*** Input data

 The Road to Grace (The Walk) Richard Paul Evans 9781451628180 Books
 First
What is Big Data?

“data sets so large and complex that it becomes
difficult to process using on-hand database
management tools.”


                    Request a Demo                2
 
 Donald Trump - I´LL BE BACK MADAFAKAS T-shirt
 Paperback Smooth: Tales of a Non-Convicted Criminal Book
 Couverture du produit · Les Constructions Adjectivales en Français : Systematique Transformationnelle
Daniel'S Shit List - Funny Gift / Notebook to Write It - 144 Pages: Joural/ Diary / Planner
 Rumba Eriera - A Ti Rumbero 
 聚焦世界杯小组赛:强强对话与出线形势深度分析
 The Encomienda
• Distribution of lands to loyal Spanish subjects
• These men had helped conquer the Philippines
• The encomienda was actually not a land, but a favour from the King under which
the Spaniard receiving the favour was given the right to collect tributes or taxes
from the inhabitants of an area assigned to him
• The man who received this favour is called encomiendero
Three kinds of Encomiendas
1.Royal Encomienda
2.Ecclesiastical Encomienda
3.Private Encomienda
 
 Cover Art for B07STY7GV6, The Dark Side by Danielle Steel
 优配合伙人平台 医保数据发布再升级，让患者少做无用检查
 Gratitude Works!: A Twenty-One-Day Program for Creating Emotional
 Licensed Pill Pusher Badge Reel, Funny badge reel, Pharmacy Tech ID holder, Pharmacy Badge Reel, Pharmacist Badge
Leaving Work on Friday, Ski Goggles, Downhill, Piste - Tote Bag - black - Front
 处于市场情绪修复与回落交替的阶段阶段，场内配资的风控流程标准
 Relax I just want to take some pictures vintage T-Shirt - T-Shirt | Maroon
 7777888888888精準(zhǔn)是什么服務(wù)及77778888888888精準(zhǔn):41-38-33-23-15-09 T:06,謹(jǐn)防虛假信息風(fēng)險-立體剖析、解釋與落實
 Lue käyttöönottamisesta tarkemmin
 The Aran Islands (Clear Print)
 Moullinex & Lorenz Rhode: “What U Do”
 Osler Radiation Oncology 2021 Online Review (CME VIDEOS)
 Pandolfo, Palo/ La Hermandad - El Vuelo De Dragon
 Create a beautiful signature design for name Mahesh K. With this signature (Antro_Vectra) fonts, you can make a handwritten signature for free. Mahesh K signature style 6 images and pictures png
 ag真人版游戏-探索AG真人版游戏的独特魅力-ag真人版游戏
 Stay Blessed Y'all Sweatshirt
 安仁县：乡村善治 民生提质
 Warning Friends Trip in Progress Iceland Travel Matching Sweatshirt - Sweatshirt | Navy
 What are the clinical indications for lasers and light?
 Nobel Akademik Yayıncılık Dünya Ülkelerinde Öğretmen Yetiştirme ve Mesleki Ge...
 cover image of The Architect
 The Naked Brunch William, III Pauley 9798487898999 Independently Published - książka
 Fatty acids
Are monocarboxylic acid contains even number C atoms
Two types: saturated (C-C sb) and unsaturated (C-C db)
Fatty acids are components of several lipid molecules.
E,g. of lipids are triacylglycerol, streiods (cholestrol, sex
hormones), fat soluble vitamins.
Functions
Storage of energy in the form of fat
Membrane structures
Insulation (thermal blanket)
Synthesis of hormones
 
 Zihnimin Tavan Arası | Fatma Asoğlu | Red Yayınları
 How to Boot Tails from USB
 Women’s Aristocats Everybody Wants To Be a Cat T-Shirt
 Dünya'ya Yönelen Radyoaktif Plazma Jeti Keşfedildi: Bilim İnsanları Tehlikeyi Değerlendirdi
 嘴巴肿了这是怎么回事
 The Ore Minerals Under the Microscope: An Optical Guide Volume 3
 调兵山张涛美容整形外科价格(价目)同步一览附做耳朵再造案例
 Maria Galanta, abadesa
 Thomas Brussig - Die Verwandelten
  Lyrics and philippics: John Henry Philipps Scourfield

******

• [What is being asked]
Copy every line above that includes the string "Fatty".

• [Problem solution]
 Fatty acids
Fatty acids are components of several lipid molecules.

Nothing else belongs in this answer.